"""

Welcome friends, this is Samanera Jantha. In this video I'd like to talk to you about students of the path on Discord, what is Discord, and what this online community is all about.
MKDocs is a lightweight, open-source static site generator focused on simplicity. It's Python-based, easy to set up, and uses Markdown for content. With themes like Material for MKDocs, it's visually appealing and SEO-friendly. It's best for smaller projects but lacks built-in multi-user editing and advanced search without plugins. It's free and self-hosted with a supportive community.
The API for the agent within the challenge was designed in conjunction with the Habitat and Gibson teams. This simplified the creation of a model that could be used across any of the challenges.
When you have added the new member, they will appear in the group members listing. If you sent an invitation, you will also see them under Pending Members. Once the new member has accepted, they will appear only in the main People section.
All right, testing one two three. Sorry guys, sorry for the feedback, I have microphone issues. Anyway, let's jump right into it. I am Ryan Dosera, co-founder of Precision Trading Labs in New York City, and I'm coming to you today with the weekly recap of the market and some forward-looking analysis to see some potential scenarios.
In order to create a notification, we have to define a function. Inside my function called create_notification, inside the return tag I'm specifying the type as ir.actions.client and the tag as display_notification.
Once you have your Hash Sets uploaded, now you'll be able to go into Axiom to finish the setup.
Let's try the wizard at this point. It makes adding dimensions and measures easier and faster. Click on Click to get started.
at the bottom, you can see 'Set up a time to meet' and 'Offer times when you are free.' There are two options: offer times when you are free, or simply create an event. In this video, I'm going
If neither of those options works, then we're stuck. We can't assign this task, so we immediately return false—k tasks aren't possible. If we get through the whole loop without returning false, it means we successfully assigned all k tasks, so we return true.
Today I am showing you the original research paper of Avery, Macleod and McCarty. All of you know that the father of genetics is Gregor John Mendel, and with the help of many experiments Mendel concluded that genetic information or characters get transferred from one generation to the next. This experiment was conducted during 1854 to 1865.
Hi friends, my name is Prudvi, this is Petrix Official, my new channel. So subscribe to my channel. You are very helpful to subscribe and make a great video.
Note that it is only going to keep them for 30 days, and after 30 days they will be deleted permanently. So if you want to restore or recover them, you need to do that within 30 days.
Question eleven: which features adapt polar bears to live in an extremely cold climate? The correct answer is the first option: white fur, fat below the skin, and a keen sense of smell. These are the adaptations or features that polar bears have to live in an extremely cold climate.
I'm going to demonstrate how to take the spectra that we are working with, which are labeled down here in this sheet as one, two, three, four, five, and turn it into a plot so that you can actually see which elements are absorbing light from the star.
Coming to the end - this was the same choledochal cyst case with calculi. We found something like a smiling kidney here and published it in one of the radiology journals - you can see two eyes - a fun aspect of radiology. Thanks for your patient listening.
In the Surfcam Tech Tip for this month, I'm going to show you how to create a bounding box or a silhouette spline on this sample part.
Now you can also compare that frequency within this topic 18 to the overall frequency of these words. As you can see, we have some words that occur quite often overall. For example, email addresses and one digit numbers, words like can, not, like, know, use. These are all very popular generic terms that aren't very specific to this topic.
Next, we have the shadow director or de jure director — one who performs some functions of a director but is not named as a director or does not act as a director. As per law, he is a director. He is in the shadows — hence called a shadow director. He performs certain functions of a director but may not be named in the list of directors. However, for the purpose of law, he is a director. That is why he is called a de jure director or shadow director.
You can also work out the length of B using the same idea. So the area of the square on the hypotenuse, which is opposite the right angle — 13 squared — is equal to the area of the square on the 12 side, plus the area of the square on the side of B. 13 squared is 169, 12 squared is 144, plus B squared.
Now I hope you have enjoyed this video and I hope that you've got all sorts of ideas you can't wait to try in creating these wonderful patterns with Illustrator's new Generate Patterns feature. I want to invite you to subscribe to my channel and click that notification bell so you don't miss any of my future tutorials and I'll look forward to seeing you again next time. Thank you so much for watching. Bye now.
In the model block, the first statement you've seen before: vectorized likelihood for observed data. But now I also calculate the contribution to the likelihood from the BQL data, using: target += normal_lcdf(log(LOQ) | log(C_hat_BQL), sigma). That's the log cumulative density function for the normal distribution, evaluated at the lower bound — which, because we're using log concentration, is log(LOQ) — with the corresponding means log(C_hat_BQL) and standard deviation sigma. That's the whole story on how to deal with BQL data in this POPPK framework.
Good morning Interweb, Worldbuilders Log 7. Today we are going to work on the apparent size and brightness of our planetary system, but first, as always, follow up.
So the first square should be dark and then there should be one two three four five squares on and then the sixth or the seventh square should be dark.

"""

*Task statement*:
Copy, from the lines above, each one that holds "your".

*Written solution*:
Once you have your Hash Sets uploaded, now you'll be able to go into Axiom to finish the setup.
Coming to the end - this was the same choledochal cyst case with calculi. We found something like a smiling kidney here and published it in one of the radiology journals - you can see two eyes - a fun aspect of radiology. Thanks for your patient listening.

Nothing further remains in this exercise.